En escena también aparece un paisano del presidente Pedro Castillo, el chotano Julio César Bravo Sánchez, un controvertido exmiembro del Ejército Peruano, condenado por el delito de narcotráfico, quien –según fuentes confiables – desde hace unos meses intentaría proponer un consorcio integrado por empresas de Bolivia y Colombia que, advierten, no contarían con experiencia de prestación de servicios en el Perú, pero que buscaría frenar la pronta contratación para buscar satisfacer apetitos comerciales.

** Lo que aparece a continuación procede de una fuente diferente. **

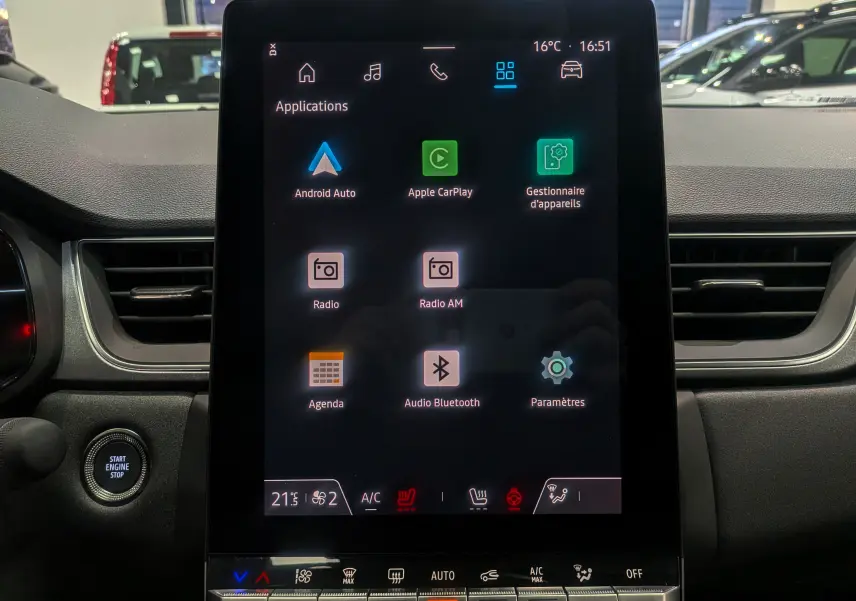 Écran tactile central allumé du Renault Captur Gris Cassiopé, vue frontale de l'habitacle avec commandes climatisation visibles.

Fuentes oficiales han confiado que los dos ingresos de Julio César Bravo a Palacio de Gobierno, en agosto pasado, para reunirse con el mandatario Pedro Castillo, muy al estilo de la investigada Karelim López, buscarían favorecer a sus allegados. Reuniones de coordinación que entre los meses de setiembre y noviembre último se trasladarían luego a la sede del Ministerio de Transportes y Comunicaciones, en los despachos del asesor del ministro Juan Francisco Silva Villegas, Renán Bedriñana Córdova, y del viceministro Carlos Alberto Sotelo López.

Las movidas del chotano, también promoción del encarcelado Antauro Humala, han sido advertidas en el propio MTC y alertadas por algunos congresistas como Eduardo Castillo Rivas, quien no ha dudado en solicitarles al ministro Silva y al secretario general de Palacio de Gobierno los pormenores de estas citas. ¿Acaso para sacar provecho de la emergencia que atraviesa el PRONATEL?

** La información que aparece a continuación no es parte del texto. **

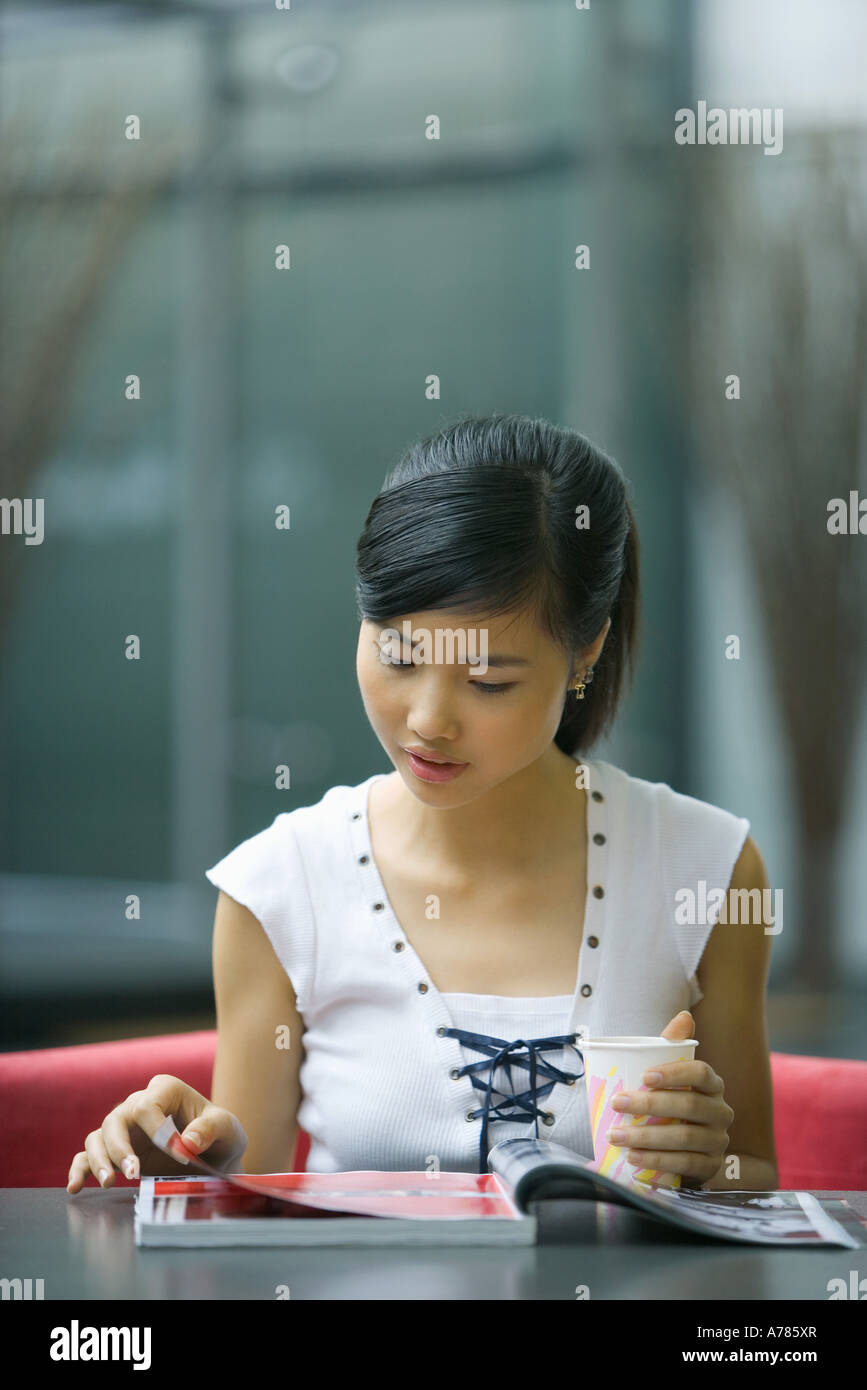 Young woman sitting at table, looking at magazine, holding drink Stock Photo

Ante ello, no está demás precisar que el ministro Silva Villegas debe centrar su atención en el Programa Nacional de Telecomunicaciones y no permitir que se ceda a presiones que afectarían a millones de peruanos y al propio Gobierno. Más ahora cuando se ha culminado con la indagación de mercado y se evalúan las cotizaciones enviadas por tres empresas postoras con presencia a nivel nacional.